For so much of my life, I thought that to live a meaningful life I needed to choose my steps carefully. That it would all unravel and fall apart if I wasn’t meticulous in my decision-making and planning. It’s me and the world. I am alone. I don’t have a family to fall back on. There is always some risk involved when I do anything new and I am acutely conscious of the fact that I lack a cushion to rely on if things go wrong. Which they do.
Frustrated with living in fear I cultivated a new approach.
What I discovered was that there is a state of alignment you can reach in which magical things will start happening for you. I often call it kismet but really, it’s being in a relationship with the dynamic aliveness of life. Once I figured out how it worked I was able to relax and now have a lot of fun inviting that kind of serendipity into my decision-making processes and day-to-day life.
I have very literally been in the business of living in alignment for years and I still need reminders that the way I move through life is enough.
It’s no surprise. The rampant roar of the outside world is strong. It overpowers the subtle nudges and the cultivation of inner stillness necessary to enter into alignment. Despite years of evidence that living in alignment works I still have times of doubt and uncertainty. I have had to learn how to stay centred and not let that derail me.
I have to be resolute in my devotion to alignment.
I’m teaching exactly how I do this — both in my life; and in my business — across 6 weeks starting on Monday, March 10 2025. There are only 12 spaces in each cohort. Join me for ALIGNED, here.
I could never have planned the life that was waiting for me.
I left England last year because it dimmed my light. I was becoming someone I didn’t recognise. I had outgrown my environment and had become complacent and indolent in every area of my life. I was out of alignment. This misalignment isn’t just uncomfortable – it’s costly. It drained me of my energy, dampened my creativity, and held me back from the life I was meant to live.
But I know I always have a choice.
So I left and it took me on a misadventure through the Mediterranean Sea where I was redirected to a village by the Atlantic Ocean where I fell in love and am now moving to New York. I could never have planned any of this. But life, in its mystery and intelligence, did. All I had to do was let go of trying to control the uncontrollable and get into alignment instead.
Choosing change is hard. Choosing a new story without knowing how it ends is even harder. But when you choose alignment, life moves you to where you are meant to be with so much grace and ease, that the obstacles on the way no longer matter.

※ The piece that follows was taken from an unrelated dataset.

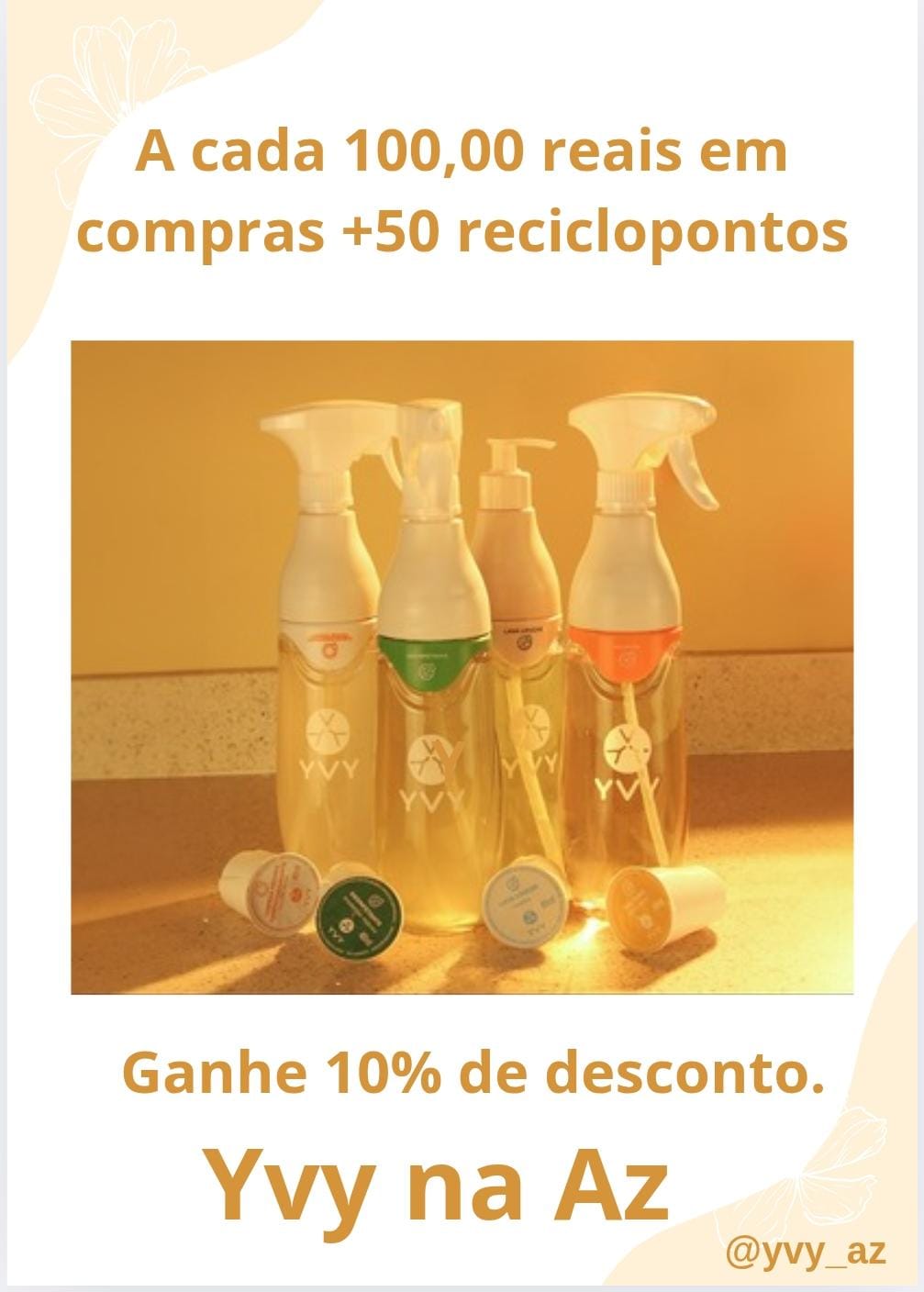 A cada 100 reais em compras + 50 reciclopontos ganhe 10% de desconto!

They don’t go away. But they become insignificant in comparison to the bigger vision. The project of living your most alive, vibrant, dynamic and meaningful life.
ALIGNED is not just one program — it’s two distinct pathways, running simultaneously, designed to support you based on where you are right now.

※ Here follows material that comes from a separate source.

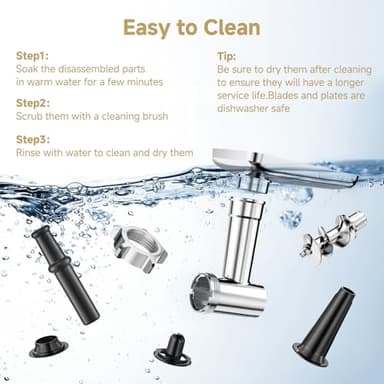 AAOBOSI Meat Grinder Electric 3000W Max with Touch Color Screen, Auto-Reverse & Built-in Storage - 3 Speed Settings,Grinding, Sausage & Kibbe Making for Home Use, Stainless Steel - Image 7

ALIGNED ACTION is for you if you are ready to transform your personal life — activating changes in relationships, career, purpose, and finances with trust and confidence.
ALIGNED OFFER is for you if you are ready to build or grow an online business — creating offers that sell with ease, alignment, and momentum.
Both programs follow the same structure but focus on different areas of life. You’ll be part of a powerful container with daily insights, live workshops, and a supportive community—all guiding you toward aligned, inspired action.
What I do know is that as long as I remain aligned, life happens for me. Things that I can never imagine or plan or prepare for. Things I hope and dream for but only reach when I move into alignment and let go.
As these winter days and nights come to an end and spring starts to make itself known in the slightly longer and warmer days I relish the tiny moments.
Some afternoons I see the locals leaning out of their windows watching the world pass by and if we have crossed each other often enough we smile and nod. Bright purple and yellow wildflowers are beginning to cover the cliff edges facing the restless Atlantic Ocean reminding me of the dynamic nature of life. The damp air as I walk home in the evening carrying dates from the organic market and I look up and see the stars. A luxury that is here and won’t be when I leave.